PELECANOS: This is a pretty big decision. And then one day we were in a meeting at some point and the attorney says to us what kind of baby do you want? And I said what do you mean what kind, like, what color? And he's like, well, yeah. And I was sort of dumbfounded by that. Being a white liberal too, I didn't want to, you know, give the wrong answer. And my wife says we want whoever needs to be adopted. You know, leave it to a woman to sort of, like, cut through all the bull and say the smart thing and the right thing, because I'm just a guy as dumb as any other guy, you know. I didn't know how to answer that.
PELECANOS: And, you know, it's something that I'll never forget. So and that's what we did. You know, it's really - it's relatively easy to adopt kids if you're not trying to get kids that look exactly like you. And, you know, because you hear how hard it is, but actually it happened very quickly for us.
DAVIES: So what kind of baby did you adopt?
PELECANOS: Well, here's what happened. And if my wife was here she would probably have a different story. I always remember things wrong. But we got a call one night, it was pretty soon after our home study was completed. So six months after the whole process started. And we were told this is probably going to take years. We got a call from somebody, and they said there's a baby coming up from Brazil and he's coming in tomorrow. Do you want him? And of course I'm like, well, what's wrong with him? You know, and, well, he's - the people that...
DAVIES: And you asked what's wrong with him - why? Because it was a light-skinned kid and they're not easy to get?
PELECANOS: No, no it wasn't. I mean, it turns out that he is a light-skinned black guy or medium-skinned, but I think the people that were going to adopt him looked at his most recent picture and they thought he was too dark. And so the next - and my wife and I weren't even ready. We didn't have a crib, bassinet - we didn't have anything. We went to the office the next morning and they hand me this baby in an airline blanket, you know. And, you know, I always say, well, that was their loss because I got, like, one of the most beautiful kids I've ever seen. And my second son was just as good looking. He's also - came from Brazil. You know, we did the - when they were kids we tried to do that politically correct thing and, like, hang, you know, Brazilian flags in their room and stuff. And then I'd go into their room and they were, you know, I'd see they were torn down and on the floor. And finally I said what's going on with you guys? You know, he says, like, dad we're black guys - you know what I mean? - you don't have to do that. And I was like all right. Thank you because now it's much easier.

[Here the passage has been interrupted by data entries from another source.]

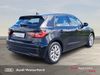 Audi A1 Audi A1 30 TFSI 116hp SE from €290 per month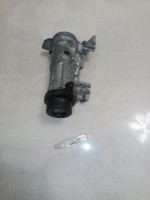 pieces-moteur-kit-demarrage-caddy-bordj-el-kiffan-alger-algerie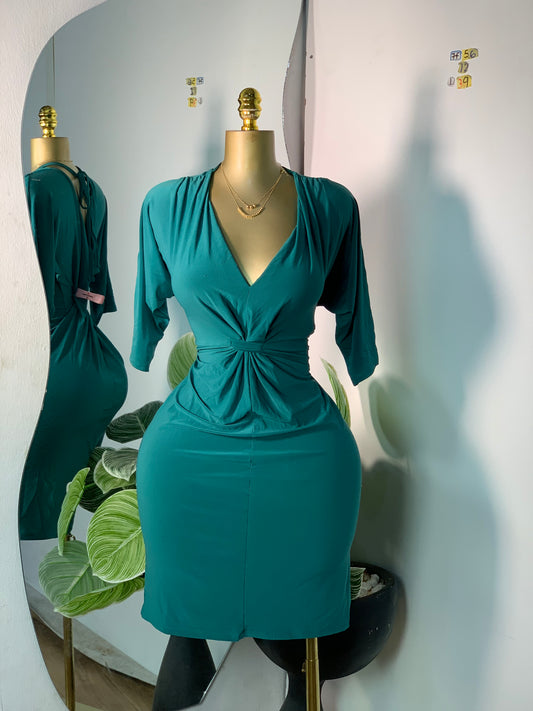 SIZE12 7F56 Length39
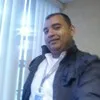 Ney Grequi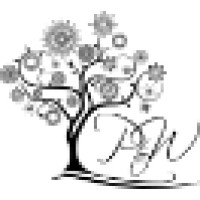 Pathways to Wellness, Clinicial Psychology Logo
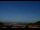 Webcam in Heidelberg, 4.2 km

GROSS: George Pelecanos will continue his interview with FRESH AIR contributor Dave Davies in the second half of the show. Pelecanos has a new book called "The Martini Shot." I'm Terry Gross. And this is FRESH AIR.
GROSS: This is FRESH AIR. I'm Terry Gross. Let's get back to the interview that FRESH AIR contributor Dave Davies recorded with George Pelecanos, who Stephen King described as perhaps the greatest living American crime writer. Pelecanos has written several novels and was a writer and producer on the HBO series "The Wire" and "Treme." His new book "The Martini Shot" is a collection that includes several short stories and a novella.
(SOUNDBITE OF ARCHIVED BROADCAST)
DAVIES: The novella in this story "The Martini Shot" is told in the first person by a guy who's a writer and producer, who's working on location, shooting a - I guess a crime, a police series for television, which is a world you know well. And what's interesting about that, I guess a lot of people think of that God, that must really be exciting and fun and glamorous. The picture you paint is pretty different. You want to come to just describe what it's like a bit?
PELECANOS: Well, it's a lot of hard work. I think people don't realize that the shows that I've worked on, we always worked, you know, an average of 12 to 14 hours a day, every single day for six months straight because it's a series. And I do find it very fun. There's a lot of writers that don't like being on set and they don't really like production. But I love it. And here's what I really like about it. First of all, when I'm wearing my novelist hat, I'm sitting in a room by myself for five or six months.
PELECANOS: Because I frontload all my research basically. I'm out there in the street for a couple months and then I come into the house and I really almost lock myself in for five months and I write seven days a week. So then I get these jobs where I go into production on television and I'm in a van in the morning. I just stepped out of the van and all of a sudden, I'm working with a hundred people every day. And these people are - I consider them to be artists - the DPs, the gaffers, the hair and makeup people, locations, costumes. We are all together as artists making something. I find that really interesting and fun. And you know, I'd never read anything. I read a lot of Hollywood novels that really are about executives and actors and so on. But I never really read anything about a film crew before. So when I came back from - we were out to New Orleans. I was doing "Treme" for HBO. As soon as I came back, I wrote this novella and while it was still fresh in my head.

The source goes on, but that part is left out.